Background: Recent studies have shown that breast cancer detected by screening has a more favorable prognosis than interval breast cancer. To further understand the biologic significance of this finding, we investigated the association of disease recurrence, local and distant, with the method of detection of the primary breast cancer in a cohort of 1686 women treated with breast conservation.
Patients and methods: The charts of 1686 women with primarily stage I or II invasive breast cancer treated by breast conservation between 1977 and 2002 were reviewed. The median length of follow-up was 6 years. Univariate and multivariate analyses using binary logistic regression were performed for 2 subgroups: (1) those with local recurrence versus those without; and (2) those with distant metastasis versus those without distant metastasis.

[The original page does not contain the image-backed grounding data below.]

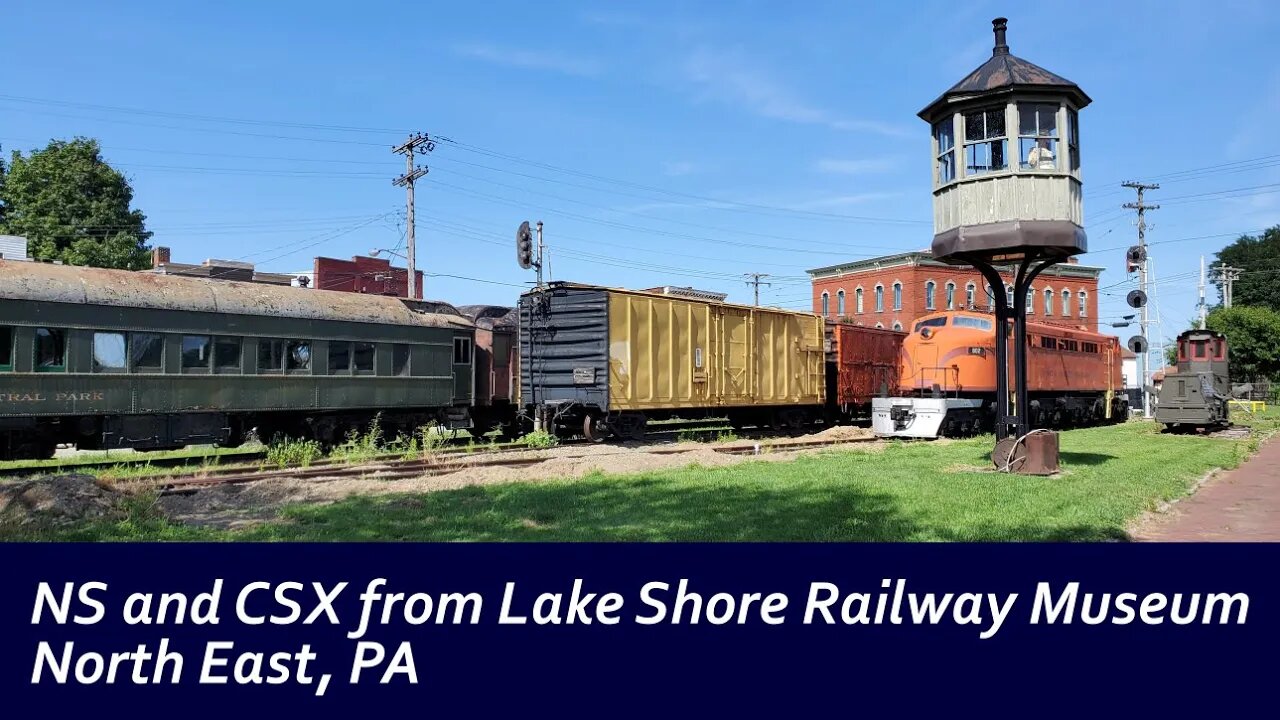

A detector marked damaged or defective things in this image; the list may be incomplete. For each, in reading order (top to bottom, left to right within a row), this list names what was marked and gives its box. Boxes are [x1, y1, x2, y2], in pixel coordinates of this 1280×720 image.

rusty red railcar [824, 320, 906, 420]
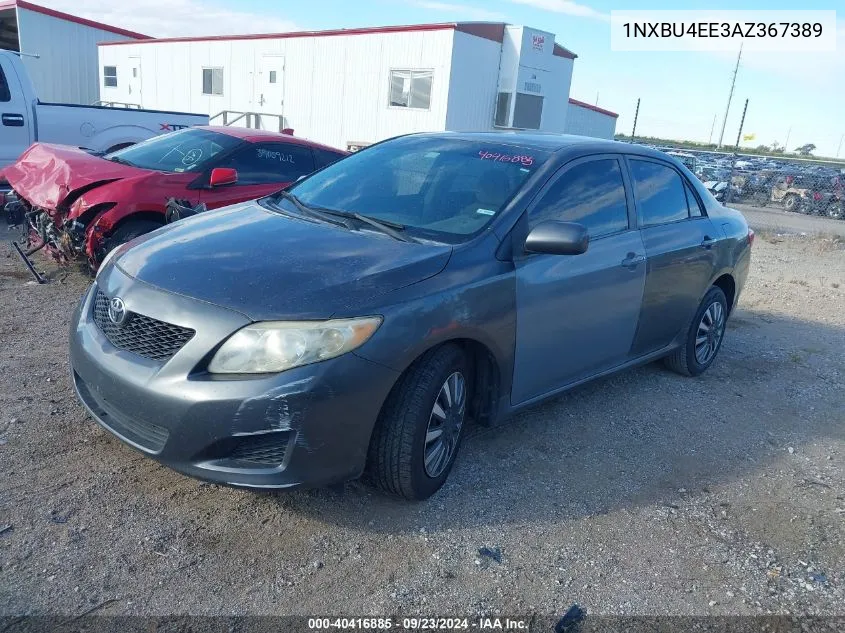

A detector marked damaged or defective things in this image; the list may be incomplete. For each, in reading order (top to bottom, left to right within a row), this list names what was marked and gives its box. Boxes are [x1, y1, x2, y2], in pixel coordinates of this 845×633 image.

damaged red car [3, 127, 346, 268]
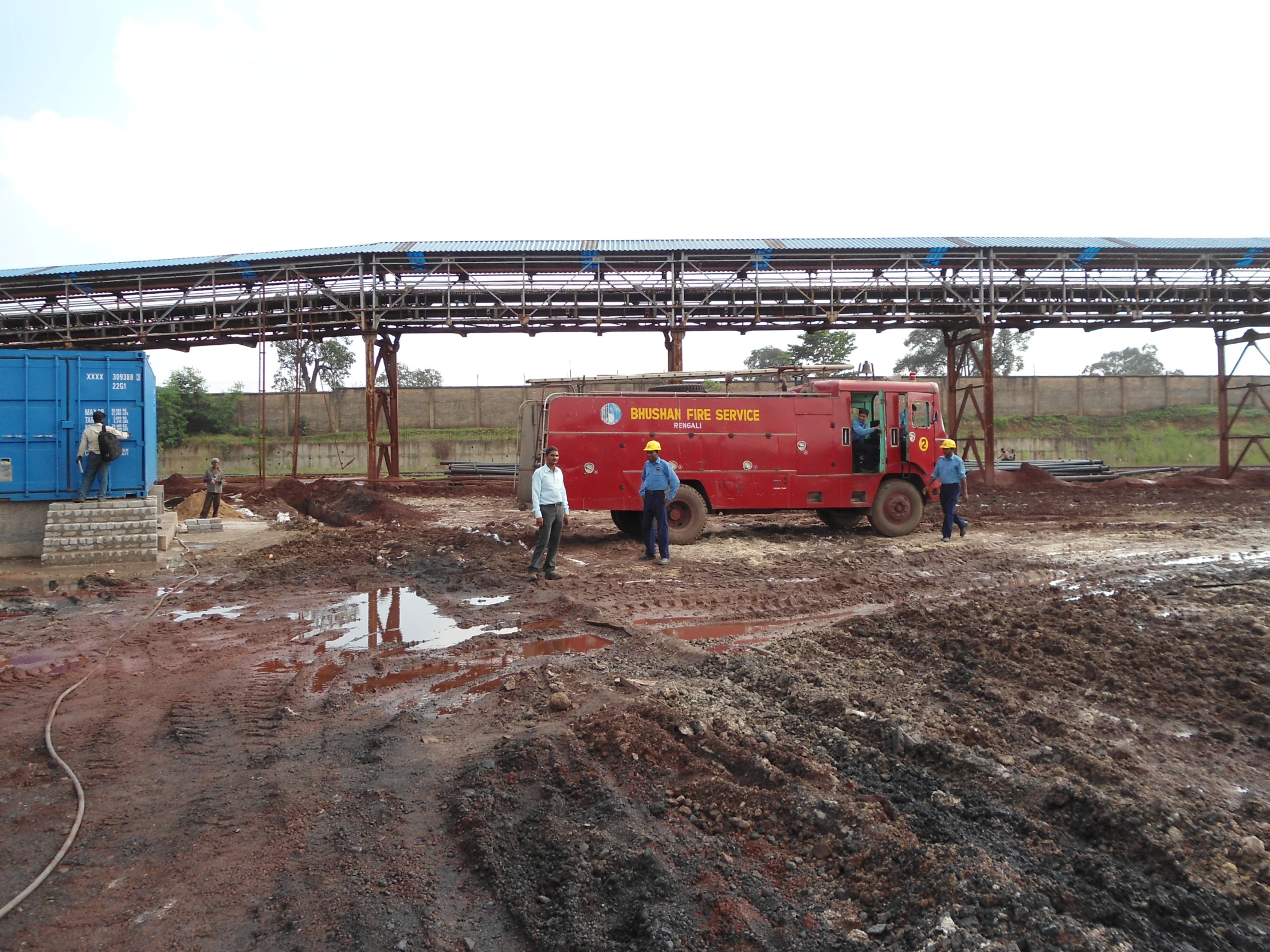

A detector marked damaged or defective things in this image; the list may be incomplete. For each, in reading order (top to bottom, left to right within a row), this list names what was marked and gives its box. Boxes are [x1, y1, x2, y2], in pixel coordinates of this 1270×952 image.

rusty steel support column [980, 325, 990, 492]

Results: Our data confirmed several of the well-known risk factors for local and distant recurrence. In addition, we found that individuals with breast cancer detected on physical examination alone have a significantly higher risk for local recurrence compared with patients with cancer detected on mammogram alone, independent of tumor size (odds ratio [OR], 2.369; 95% CI, 1.235-4.547; P = .01). We also found a similar correlation for risk of distant metastasis in these 2 groups of women (OR, 2.201; 95% CI, 1.211-3.998; P = .01).
Conclusion: Breast cancers that are palpable might represent an aggressive biologic subtype with an increased risk of local and distant recurrence. Risk stratification might need to include this clinical feature in addition to conventional prognostic factors.